When I interviewed Chantal Akerman a few weeks ago for Jewish Week, we spoke at length about Jeanne Dielman but, given my mandate from the newspaper, some of the best stuff about the film itself couldn't be squeezed into the article. Happily, Cine-Journal provides me with another place to offer readers this material. Indeed, it's one of the reasons I blog at all. (That, and the huge amounts of glory, money, adulation, sexual favors and, oh yeah, more unpaid work.)
As she was quick to point out to me, when Akerman made Jeanne Dielman, she was only 25 and had no idea of the impact the film would have beyond her own circle of friends and colleagues.
“I wrote another script with a friend of mine. And I didn’t like it and tried to change it and change it, but something was not right. One night I had Jeanne Dielman in my mind totally. I took a pad, put three words, what she put on the bed to leave the bed clean after the customer and the next day I started write this -- very fast but very detailed. All the details were there. The details that you have seen as a child, what you see when you don’t go to school. It just came out like that. After that I realized that there were many ways of thinking of it. When I wrote it, it was like my unconscious coming on the page.”
As befits a film that is minimal in its means, Akerman didn’t storyboard. (I suspect it would have been something of a waste of time.)
“I had a shot list and that was it. It’s a very simple way, I knew exactly how to do it. Everybody [who wrote about the film] was thinking about real time. But it’s not real time, it’s recomposed to make it feel like real time. It’s really choreographed.
One aspect of the film that reflects the focus on a detailed depiction of the ordinary is its title, with that full address in Brussels. I asked Akerman for the reasoning behind the lengthy title.
“I don’t know. It’s the address of one of my grand-aunts. In fact, We shot the elevator and street in her place. My aunts recognized themselves, it was their world that I was picturing, a world that so many women went through.”
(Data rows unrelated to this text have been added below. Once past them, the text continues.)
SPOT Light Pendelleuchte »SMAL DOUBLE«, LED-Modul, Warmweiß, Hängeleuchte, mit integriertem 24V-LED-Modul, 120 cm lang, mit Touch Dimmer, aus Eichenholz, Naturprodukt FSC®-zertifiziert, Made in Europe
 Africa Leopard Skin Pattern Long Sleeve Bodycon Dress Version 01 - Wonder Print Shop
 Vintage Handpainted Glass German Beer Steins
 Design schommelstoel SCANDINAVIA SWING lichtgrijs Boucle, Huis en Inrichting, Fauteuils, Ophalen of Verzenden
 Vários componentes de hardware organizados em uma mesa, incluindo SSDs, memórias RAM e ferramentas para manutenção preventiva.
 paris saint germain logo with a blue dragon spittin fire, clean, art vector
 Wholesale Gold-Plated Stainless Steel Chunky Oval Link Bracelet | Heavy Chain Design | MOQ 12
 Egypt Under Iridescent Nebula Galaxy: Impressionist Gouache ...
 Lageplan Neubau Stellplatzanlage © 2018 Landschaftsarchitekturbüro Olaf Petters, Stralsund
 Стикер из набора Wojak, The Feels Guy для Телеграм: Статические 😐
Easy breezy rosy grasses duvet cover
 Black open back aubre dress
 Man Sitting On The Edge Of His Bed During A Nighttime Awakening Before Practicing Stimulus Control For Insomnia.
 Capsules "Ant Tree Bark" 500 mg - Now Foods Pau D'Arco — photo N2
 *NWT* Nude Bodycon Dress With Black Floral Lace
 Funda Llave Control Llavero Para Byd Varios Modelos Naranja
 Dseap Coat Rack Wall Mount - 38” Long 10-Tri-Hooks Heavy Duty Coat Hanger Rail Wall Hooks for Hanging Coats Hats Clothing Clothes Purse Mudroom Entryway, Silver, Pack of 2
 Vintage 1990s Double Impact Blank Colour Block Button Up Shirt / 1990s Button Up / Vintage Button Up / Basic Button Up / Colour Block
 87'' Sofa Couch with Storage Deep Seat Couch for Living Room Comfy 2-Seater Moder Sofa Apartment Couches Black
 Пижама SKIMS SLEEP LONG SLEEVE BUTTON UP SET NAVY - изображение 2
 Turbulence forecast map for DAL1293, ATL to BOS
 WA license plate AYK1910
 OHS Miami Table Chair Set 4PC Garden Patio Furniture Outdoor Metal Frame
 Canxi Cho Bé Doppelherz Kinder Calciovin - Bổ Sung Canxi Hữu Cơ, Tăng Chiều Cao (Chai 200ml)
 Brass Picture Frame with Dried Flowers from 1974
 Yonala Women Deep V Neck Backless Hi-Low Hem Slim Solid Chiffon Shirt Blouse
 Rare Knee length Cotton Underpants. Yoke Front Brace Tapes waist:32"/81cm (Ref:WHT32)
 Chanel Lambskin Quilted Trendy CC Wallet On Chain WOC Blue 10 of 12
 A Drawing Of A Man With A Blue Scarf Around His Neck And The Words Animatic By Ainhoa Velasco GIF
Picture this situation: Delphine Seyrig, who is never off-screen in the film, is one of the great icons of post-war French cinema. Her director is a 25-year-old with only a handful of credits to her name. The film is a radical departure from anything Seyrig has done before (or since, for that matter). How does a relatively green kid direct this presence?
“She wanted to make the film. What was difficult, although I wasn’t totally aware of it at the time is that everything is written. When she puts the two sugars together everything is written out, like in nouveau roman. She said to me, ‘I should bring [these things] as an actress and now I don’t know what to bring.’ ‘You bring your presence. That’s exactly it.’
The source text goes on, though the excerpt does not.